1 : Police Municipale : de nouveaux pouvoirs

On y trouve également des dispositions pour renforcer les pouvoirs des polices municipales et des agents de sécurité privés, autoriser l’utilisation de drones, étendre et optimiser l’usage des caméras-piétons portées par les policiers lors des interventions, permettre ces derniers de conserver leurs armes, quand ils ne sont plus en service, y compris dans les lieux accueillant du public. Ce texte brasse large, trop même pour ne pas être suspect.

2 : Sécurité privée : des conditions d’embauche durcies

Dans son 2nd titre, composé de 22 articles, la proposition de loi s’attache à mieux structurer et encadrer le secteur de la sécurité privée. Dans ces dispositions censées moraliser ce secteur, l’article 10 exclut des métiers de la sécurité les étrangers détenteurs d’un titre de séjour de moins de 5 ans ; un point contesté par la Défenseure des droits.

3 : Vidéosurveillance et images

Le titre suivant consacré à la vidéoprotection » et à la « captation d’images » est problématique. L’article 20 permet aux agents des polices municipales d’exploiter les images de vidéosurveillance. L’article 21 autorise la transmission en direct des images des caméras-piétons, et l’accès des personnels à leurs propres enregistrements, alors qu’en 2016 la CNIL considérait que l’interdiction de cet accès était « une garantie essentielle ». Il permet en outre l’utilisation de ces images pour « l’information du public sur les circonstances de l’intervention » sans égard pour l’identité des contrevenants, ni pour le secret de l’instruction.

4 : Généralisation utilisation des Drones

L’article 22 encadre l’utilisation des drones possédés par les forces de sécurité nationale. Les amendements de protection visant à interdire le sous-traitement de l’exploitation de leurs images, les traitements de reconnaissance faciale, l’observation des domiciles ou immeubles et espaces privatifs ont tous été rejetés.

 

5 : Violences contre un policier : pas de réduction de peine

Ce sont les dispositions les plus médiatisées. L’article 23, qui vise à automatiser la suppression des crédits de suppression de peine pour les personnes condamnées à des violences ou menaces envers élus, agents de l’administration pénitentiaire, des douanes, de la gendarmerie, de la police nationale ou municipale, des pompiers. Pour la Défenseure des Droits, cela « reviendrait à transposer des règles applicables en matière de terrorisme à des actes et comportements de gravités très inégales » avec pour conséquence notamment de faire « obstacle à l’exercice du pouvoir d’individualisation des peines par le juge ».
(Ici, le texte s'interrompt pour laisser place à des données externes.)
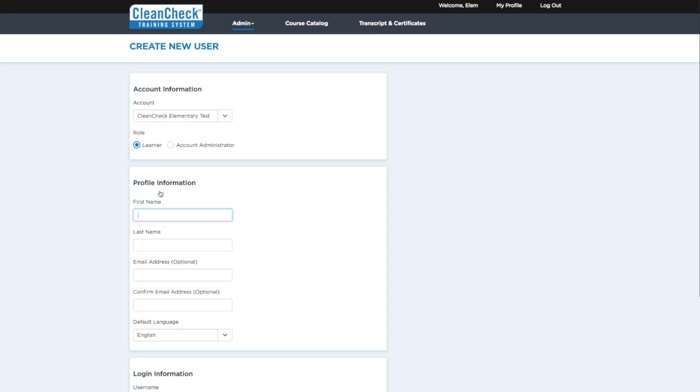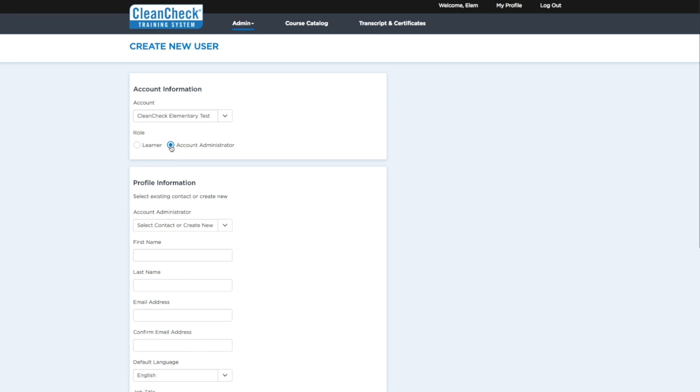First, you'll need to determine if this user will be administering your CleanCheck account. If so, set the role to Account Administrator. Otherwise, if they will only be logging in to view training and get certified, set the role to Learner.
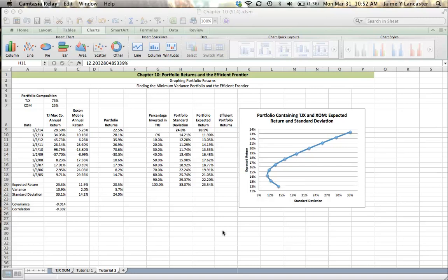All right, welcome to the second Chapter 10 tutorial where we look a little bit more at the graph that we made in the last tutorial, which shows the relationship between expected return and standard deviation for a variety of portfolios containing TJ Maxx and ExxonMobil.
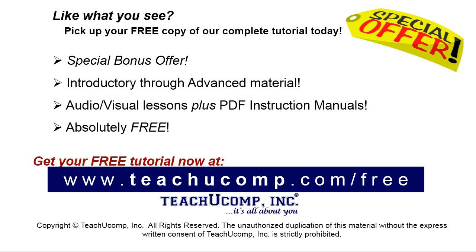Like what you see? Pick up your free copy of the complete tutorial at www.teachucomp.com/free.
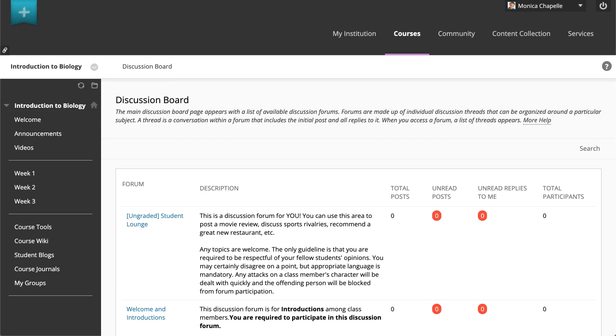Notice that when you navigate between courses in this way, you stay in the same area or tool in the new course.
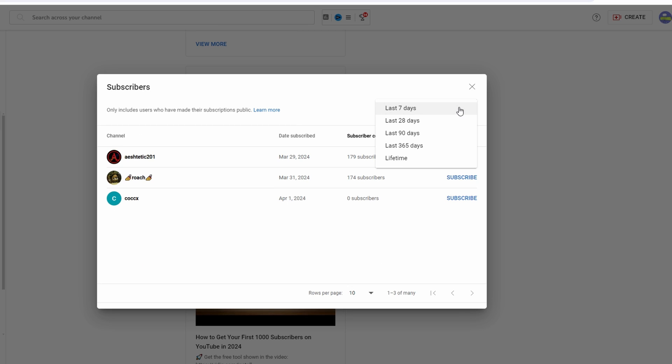If you want to see all time subscribers, select lifetime from the date filter. This will display subscribers you've gained since the creation of your channel.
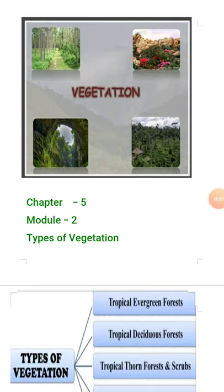Hello everyone, this is Class 9, Chapter 5, and we are discussing Module 2 of Chapter 5: Natural Vegetation and Wildlife. In this module we will discuss types of vegetation found in India. There are different types of vegetation in the world, but mainly 5 kinds of vegetation are found in India.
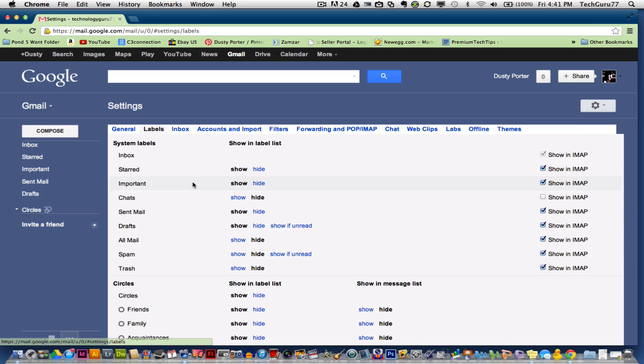Under labels, you can add, show, hide, edit, any kind of labels that you may have already added.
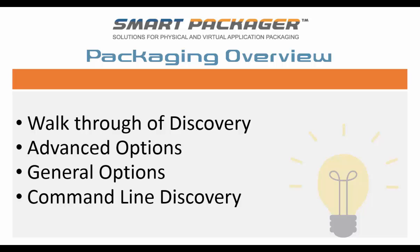Today we're going to give you a decent packaging overview using the discovery tool. We're going to walk through a discovery and create a package for Firefox. We're going to take a look at some of our advanced options and what they mean. We're going to take a look at some of our general smart packaging options, such as setting a default location for saving and creating your packages. And we're also going to take a look at the command line discovery module.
C’est encore l’article 24, dénoncé dans de nombreuse tribunes et communiqués émanant de journalistes, d’associations de défense des libertés, d’avocats ou d’usagers des médias, qui envisage de punir « d’un an d’emprisonnement et de 45 000€ d’amende le fait de diffuser, par quelque moyen que ce soit et quel qu’en soit le support, dans le but qu’il soit porté atteinte à son intégrité physique ou psychique, l’image du visage ou tout autre élément d’identification d’un agent de la police nationale ou de la gendarmerie nationale autre que son numéro d’identification individuel lorsqu’il s’agit dans le cadre d’une opération ».

Ces articles symbolisent à eux seuls le déséquilibre d’un texte ultra-sécuritaire qui soulève, comme s’en est inquiétée la Défenseure des droits, « des risques considérables d’atteinte à plusieurs droits fondamentaux, notamment au droit à la vie privée et à la liberté d’information ». On assiste au passage d’un cap sécuritaire historique : toujours plus de surveillance, plus de moyens et de pouvoirs pour la police et consorts, dans des proportions et à un rythme jamais égalé. Ces dispositifs de surveillance et de reconnaissance faciale permettront à l’État de constituer des fichiers et donc de mieux contrôler les opposant·es, les manifestant·es. On risque de voir s’accroître les gardes à vue « préventives », les interdictions de manifester. Un pas supplémentaire vers la privatisation des pouvoirs régaliens essentiels de l’Etat, la sécurité, selon une logique libérale.

Pour la FSU, une police républicaine au service de la population ne doit rien avoir à cacher, et le droit à l’information respecté. C’est l’exigence démocratique, corollaire d’apaisement, qui doit prévaloir c‘est à l’amélioration des conditions de vie, à la résorption des inégalités, à la fin des discriminations, au renforcement et à l’accès aux droits sociaux, à l’éducation, à la culture…qu’il faut s’attacher.